This is not a diary that will be of any great help to historians, but it does reveal a very personal side of Matías Romero: it is a humorless, factual account of a ten-year period in his life. The diary begins on October 29, 1855, when Romero left Oaxaca for Mexico City and ends January 28, 1865, after he had been the Mexican minister plenipotentiary in Washington for a year.
From Romero’s daily accounts, it would escape the reader that not only was the author living in a revolutionary era, but that he was, furthermore, near the center of events. All that he records of his life in Mexico City in 1856, for example, is his daily routine: he got up, bathed, ate, studied, did his job, kept his accounts, bought a hat or a pair of shoes, and went to mass. In 1858 he fled from the capital with the Juárez group and finally arrived in Washington in 1859 as secretary of the Mexican legation. The change in locale did not greatly affect his habits as a diarist, for although he wrote extended descriptions of those parts of the United States which he visited, he had little to say about his contacts with important men on the American political scene. One is simply told that on this date he had a long conversation with Seward.

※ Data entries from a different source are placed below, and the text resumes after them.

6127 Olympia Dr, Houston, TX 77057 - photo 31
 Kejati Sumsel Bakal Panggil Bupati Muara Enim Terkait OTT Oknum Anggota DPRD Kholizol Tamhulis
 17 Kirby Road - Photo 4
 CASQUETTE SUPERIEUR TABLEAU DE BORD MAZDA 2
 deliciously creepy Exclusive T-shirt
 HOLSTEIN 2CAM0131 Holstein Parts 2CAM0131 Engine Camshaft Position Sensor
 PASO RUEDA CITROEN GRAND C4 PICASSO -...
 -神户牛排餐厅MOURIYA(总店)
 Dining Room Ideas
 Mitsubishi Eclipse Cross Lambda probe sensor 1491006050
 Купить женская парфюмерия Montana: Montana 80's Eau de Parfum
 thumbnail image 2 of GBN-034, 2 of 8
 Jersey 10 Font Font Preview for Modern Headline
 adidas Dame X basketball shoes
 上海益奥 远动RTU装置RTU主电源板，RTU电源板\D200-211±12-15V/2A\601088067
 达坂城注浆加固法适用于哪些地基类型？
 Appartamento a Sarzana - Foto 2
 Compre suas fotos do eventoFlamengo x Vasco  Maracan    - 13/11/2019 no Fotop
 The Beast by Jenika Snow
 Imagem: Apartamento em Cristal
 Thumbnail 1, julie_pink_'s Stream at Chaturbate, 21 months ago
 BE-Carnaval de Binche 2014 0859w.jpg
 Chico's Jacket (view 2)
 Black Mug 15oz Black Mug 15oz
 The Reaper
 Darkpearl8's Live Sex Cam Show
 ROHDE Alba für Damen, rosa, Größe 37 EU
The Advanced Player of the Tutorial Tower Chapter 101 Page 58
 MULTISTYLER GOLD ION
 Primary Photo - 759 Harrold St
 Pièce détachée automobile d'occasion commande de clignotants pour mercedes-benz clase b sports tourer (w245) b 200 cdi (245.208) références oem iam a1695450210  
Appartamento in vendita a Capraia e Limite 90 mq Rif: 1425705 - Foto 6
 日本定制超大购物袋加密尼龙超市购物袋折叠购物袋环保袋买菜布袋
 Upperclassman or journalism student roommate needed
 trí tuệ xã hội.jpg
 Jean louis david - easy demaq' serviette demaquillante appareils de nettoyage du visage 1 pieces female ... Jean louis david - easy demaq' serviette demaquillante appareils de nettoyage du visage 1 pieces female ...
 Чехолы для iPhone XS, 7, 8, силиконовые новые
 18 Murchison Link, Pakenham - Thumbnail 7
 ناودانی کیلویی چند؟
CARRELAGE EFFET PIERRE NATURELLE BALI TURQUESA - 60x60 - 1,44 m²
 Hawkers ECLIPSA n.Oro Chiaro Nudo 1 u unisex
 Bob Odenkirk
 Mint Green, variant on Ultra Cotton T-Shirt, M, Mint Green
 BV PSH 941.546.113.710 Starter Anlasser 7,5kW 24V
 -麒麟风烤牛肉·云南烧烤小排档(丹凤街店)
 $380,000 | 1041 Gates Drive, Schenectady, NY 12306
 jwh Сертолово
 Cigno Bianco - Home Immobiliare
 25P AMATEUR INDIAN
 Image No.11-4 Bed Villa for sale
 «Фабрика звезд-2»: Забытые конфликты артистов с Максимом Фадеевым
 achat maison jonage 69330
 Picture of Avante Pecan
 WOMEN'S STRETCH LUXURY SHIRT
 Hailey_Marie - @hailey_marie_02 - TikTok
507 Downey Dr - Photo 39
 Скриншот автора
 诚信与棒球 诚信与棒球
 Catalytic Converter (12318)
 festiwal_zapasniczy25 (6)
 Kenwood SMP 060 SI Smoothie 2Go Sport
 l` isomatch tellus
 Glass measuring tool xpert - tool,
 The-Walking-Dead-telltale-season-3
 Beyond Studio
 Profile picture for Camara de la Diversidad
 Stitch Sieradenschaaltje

June to October of 1863 he spent in San Luis Potosí, which was then the headquarters of the Juárez government. During these months he was in constant touch with the prominent men in the government, and yet he made little reference to the bitter personal quarrels among them. Although Romero wanted to stay in Mexico and fight with Díaz against the intervention, he was much too valuable to the government as its representative in Washington and he was sent back to the United States in the fall. Here he renewed his contacts with Plumb, McDougall, and others who were working for American aid to the Juárez government.
Emma Cosío Villegas has written a fourteen page introduction and has done a good job of editing the manuscript. It is, however, unfortunate that there is no index. In many ways a complete index would be impossible (arising, bathing, breakfasting would be the major portion) but it would have been most helpful had there been an index at least to the major personages.